Document: Blaustein v. Lord Baltimore Capital Corp., No. 272, 2013 (Del. January 21, 2014)

A minority shareholder bought into a corporation upon the alleged oral promise of a director that she could sell her shares back to the corporation for full value after a 10-year period. When the corporation would only offer to buy the shares at a 52 percent discount, the shareholder filed suit. The Delaware Court of Chancery dismissed the suit and refused leave to amend. The Delaware Supreme Court affirmed, stating that the minority shareholder’s direct claim failed because, under the common law, the directors of a closely held corporation have no general fiduciary duty to repurchase the stock of a minority shareholder. The Court noted that “An investor must rely on contractual protections if liquidity is a matter of concern.”

The Court found that the shareholder’s derivative claim also failed because the shareholder had not made a demand on the board. Although the shareholder alleged demand futility, her allegations were conclusory, the Court said: “At best, the allegations create a reasonable doubt as to the independence of three of the seven Lord Baltimore directors . . . Because a majority of the directors are independent, demand is not excused.”

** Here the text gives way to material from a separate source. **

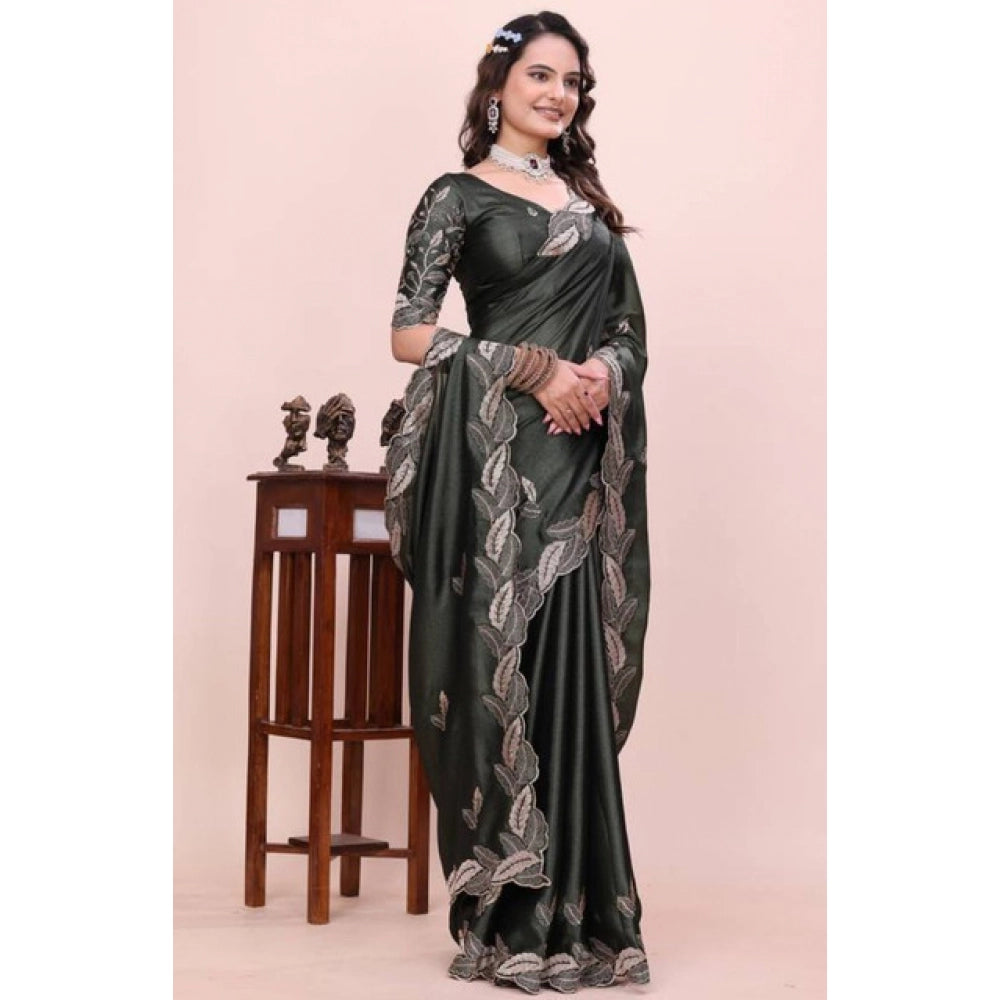 Women's Georgette Embroidered Saree With Unstitched Blouse 5.5Mtr?(Charcoal Green)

In addition, the shareholder asserted a breach of the covenant of good faith and fair dealing in connection with the buyout provision of the shareholders’ agreement. The Court, however, stated that the buyout provision was permissive only, and in no way obligated the corporation to repurchase the shares of minority shareholders. “The implied covenant of good faith and fair dealing cannot be employed to impose new contract terms that could have been bargained for but were not,” the Court said.

Finally, the Court noted that the allegations that the minority shareholder invested in the corporation based on oral assurances from one of the directors could constitute a claim of fraud in the inducement, but because the she had not brought such a claim before the Court, the Court could not consider whether relief was available under that theory.